Xenofobia, islamofobia, nacionalismo: todas essas características podem também ser atribuídas aos Estados Unidos e a Donald Trump. No entanto, segundo Rachel Mourão, professora de jornalismo na Universidade Estadual do Michigan, nem todas as declarações e propostas de Trump encontram respaldo em seus eleitores. Ela acredita que “a insatisfação com a política tradicional que deu oportunidade para que o discurso de ódio surgisse”.
Rachel pesquisa as eleições norte-americanas a partir da cobertura da mídia.

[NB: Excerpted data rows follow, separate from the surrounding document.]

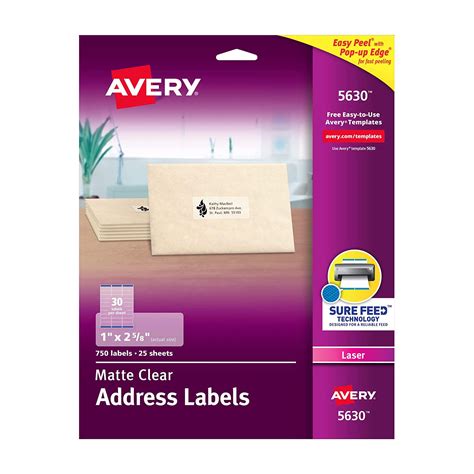 AVERY CLEAR ADDRESS LABELS (5630) – PiXELS Computers & More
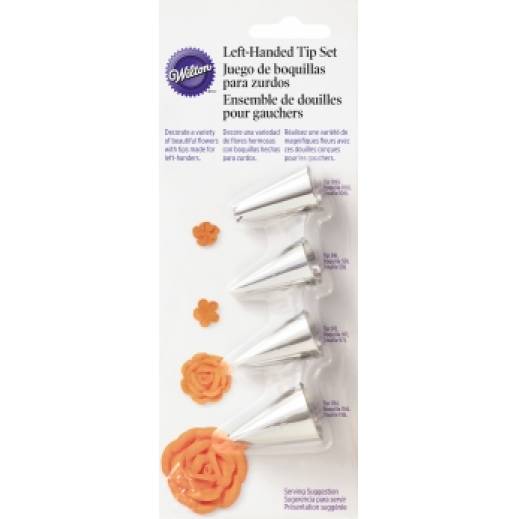 4-teilige Dekorations-Satz Spitzen für Linkshänder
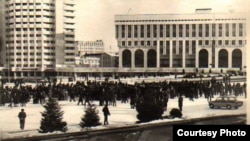 The 1986 protests in central Almaty, on what was then called New Square, attracted thousands of students and young people.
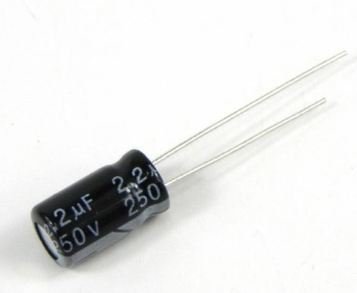 2.2UF 250V Elektrolitik Kondansatör 85C 6.3X11 RM:5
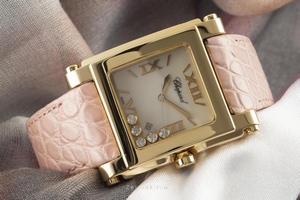 Chopard Happy Sport 18 ct gold quartz Kal. ETA 955.412 Ref. 28/3570
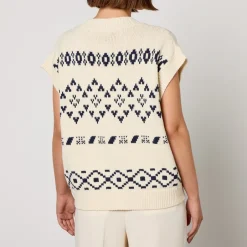 Knitwear|Stine Goya Weekend Max Mara Todi Cotton-Blend Knit Vest - XS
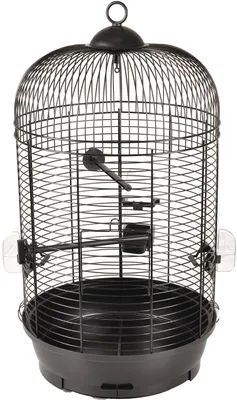 Obrázok produktu pre Klietka pre papagáje Flamingo Sanna 2, čierna farba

Ela considera que, em geral, os americanos “são eleitores de uma só demanda: às vezes você consegue fazer vista grossa para algumas coisas porque, nas coisas que são importantes, aquele candidato é o melhor”.
Nesse sentido, as declarações sexistas, racistas e xenofóbicas de Trump seriam relevadas em prol de uma mudança na agenda econômica do país. “As pessoas não concordam com o que Trump fala, mas gostam de como ele é honesto”, defende Rachel.
O “self-made man”
O fato de o presidente ser a personificação do “self-made man” americano, que veio de baixo e construiu um império, também teria contribuído para a vitória: “Minha impressão é que qualquer candidato que não fosse o político tradicional ganharia”. Júlia Matos, mestre em história norte-americana pela Universidade de Brasília ( UnB) , concorda: “Por nunca ter tido uma atuação política antes, não teve nenhuma promessa que ele não chegou a cumprir, nenhum estado em que ele teve que aumentar impostos…”.

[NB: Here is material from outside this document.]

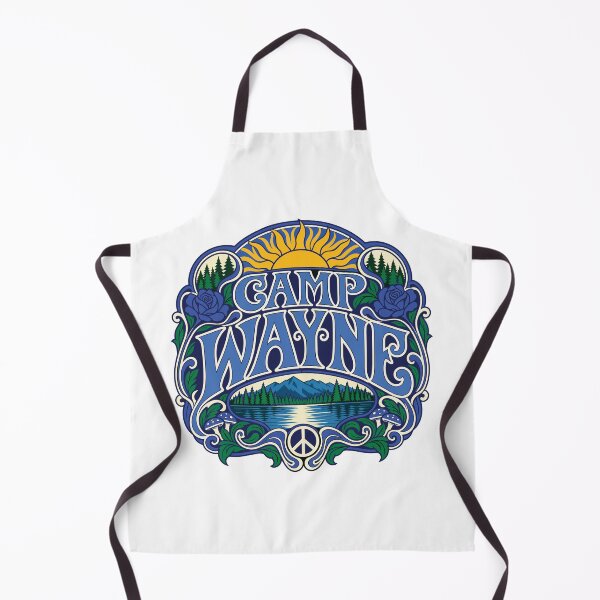 Aperçu de l'œuvre CAMP WAYNE RÉTRO créée et vendue par KUSTOM CAMP CREATIVES.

Júlia, porém, defende que uma parcela considerável da população norte-americana se vê, sim, representada pelo discurso do presidente. Isso ocorre principalmente nas cidades pequenas e médias de estados onde é forte o conservadorismo. “São cidades que foram muito prejudicadas com a crise de 2008 e são cidades menores, com uma mentalidade mais rural”.
O politicamente incorreto
Rachel concorda, principalmente no que diz respeito à relação entre o desemprego e a chegada de imigrantes: “Ele fala na lata o que todo mundo quer ouvir. Ele não é politicamente correto”.
Trump não venceu pela maioria do voto popular. A candidata democrata, Hillary Clinton, teria uma vantagem de 300 mil votos se esse fosse o critério, mas o sistema norte-americano funciona de forma diferente. Alguns apontam essa particularidade como um indício de que Trump não seria a opção da maior parte do povo americano, mas Rachel discorda.

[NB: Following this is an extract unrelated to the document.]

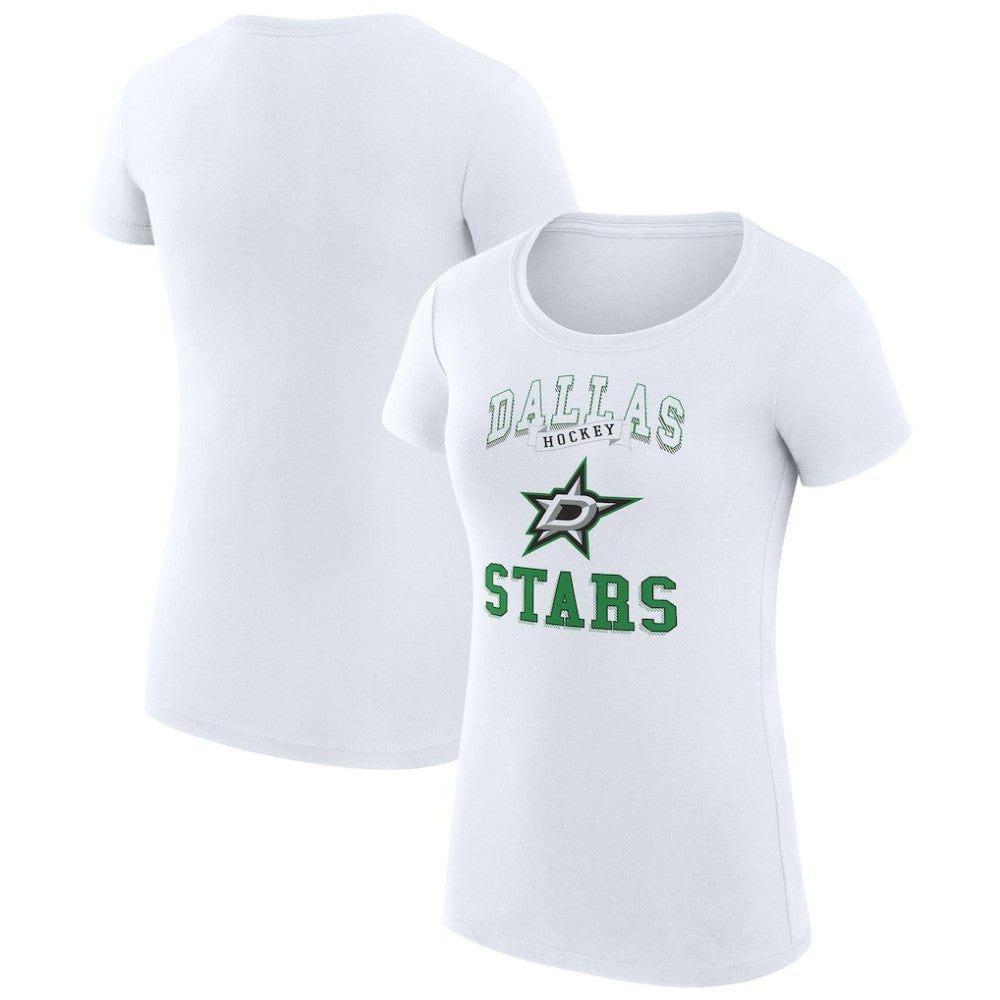 Dallas Stars G-III 4Her by Carl Banks Women's Super-Slim Fit Lightweight Team Logo Graphic T-Shirt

Segundo ela, Trump obteve a vitória em parte justamente porque soube adequar sua campanha ao funcionamento do sistema eleitoral. “Se fosse voto popular ele teria feito uma campanha diferente e provavelmente teria ganho com uma margem ainda maior”.
Isso porque Trump sabe como adotar medidas populistas para expandir sua popularidade. Com mais de 42 milhões de seguidores no Twitter, o presidente é um usuário ativo na rede, tendo se declarado o “Ernest Hemingway dos 140 caracteres”. Júlia acredita que esse tipo de comportamento gera uma aproximação com o eleitor: “Quando você lê um tweet, parece que ele está falando com você”. O resultado disso, para Rachel, é que “O fã do Trump é fã até a morte – não importa o que ele fala, é como se fosse um esporte. A personalidade dele exerce um fascínio nas pessoas.”